El mensajero deja el escenario con los guardias, y la orquesta comienza a tocar una vez más.

El rostro de Lady Octavia se había puesto pálido cuando el anuncio se hundió en su mente. Ella es una de las generaciones afortunadas de mujeres que se perdieron el anterior Baile Centurial, pero nunca imaginó que sucedería en la flor de la juventud de sus hijas. Ambas tienen la edad correcta, lo que significa que debe enviar a una de ellas al baile.

—¿Es cierto? —pregunta Lucinda frenéticamente, habiendo escuchado también el anuncio desde la fuente—. ¿El Baile Centurial es este viernes?

—Sí —dice Lady Octavia, pensando.

—Madre —interviene Igraine—, ¿no estás pensando en enviarnos al baile, verdad? Las mujeres elegidas en el pasado nunca regresaron. Y las que lo hicieron nunca fueron las mismas.

—¿Y si una de nosotras es elegida? —Lucinda está a punto de llorar—. No quiero tener hijos aún, especialmente no hijos vampiros.

—¡Las dos, cállense! —Lady Octavia sisea y se pellizca el puente de su larga nariz—. ¡Estoy tratando de pensar!

Ambas hijas se callan y esperan ansiosas a que su madre hable.

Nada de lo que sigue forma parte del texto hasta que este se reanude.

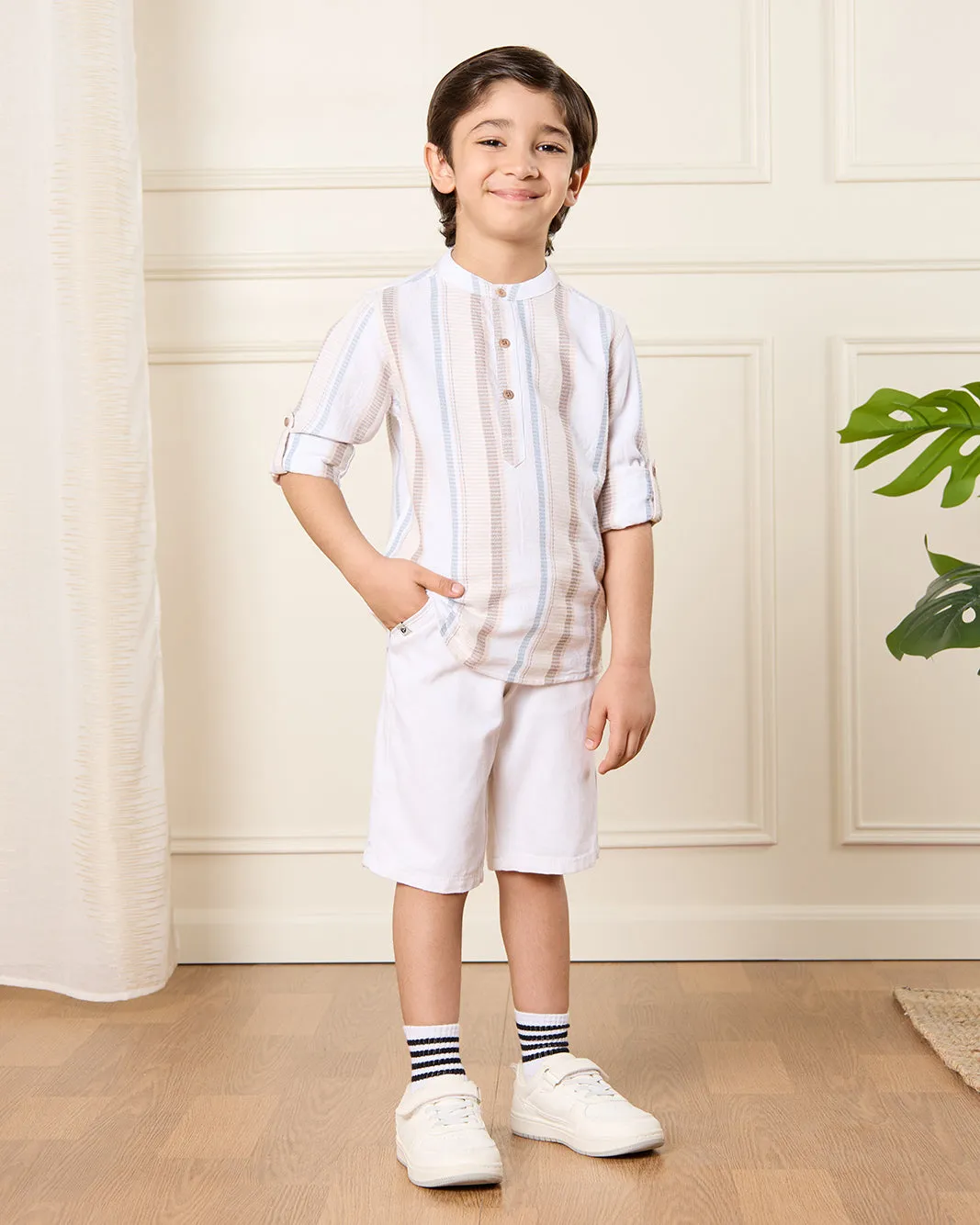 Boys White Mandarin Collar Kurta Shirt sold by Redtag product image thumbnail 2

La cabeza de Lady Octavia está en un frenesí de esquemas y planes para salir de este aprieto. En teoría, el rey no elegirá a una mujer por su apariencia, sino por su capacidad para darle un heredero fuerte y saludable. Estará mirando la forma de sus caderas, su capacidad muscular, su salud, todo lo que asegure que quede embarazada pronto. Así que, debe darle lo contrario.

Pero al mirar a sus hijas, frunce el ceño. Están bien alimentadas, con carne en sus huesos y caderas generosas. Sus pieles son ricas y brillan con radiancia juvenil, y están en impecable salud. Esos atributos aumentan sus posibilidades de ser elegidas, por lo que su plan fallará antes de ponerlo a prueba.

Y es entonces cuando se le ocurre otra idea, mejor que cualquier cosa que haya pensado antes.

—Rápido —dice mientras se termina el resto de su té y recoge su chal y paquetes—, necesitamos ir a ver a la costurera.

—Pero acabamos de estar allí —se queja Igraine.

—Esta vez no es para ti.

Ella parpadea sorprendida—. ¿Estás planeando enviar a Lucinda al baile? —Esta última emitió un chillido de preocupación.

—Por el amor de Dios, ¿puedes callarte? ¡Ninguna de ustedes va a ir! —Lady Octavia chasquea, ambas hijas cierran la boca en un instante—. Aún necesitaremos un vestido rojo ya que aún tengo que enviar a una hija al baile. Solo que parece que olvidé a la que tengo en casa.

Lucinda jadea—. Madre, no quieres decir...

—Sí —sonríe—, creo que es hora de que Elle demuestre su valía.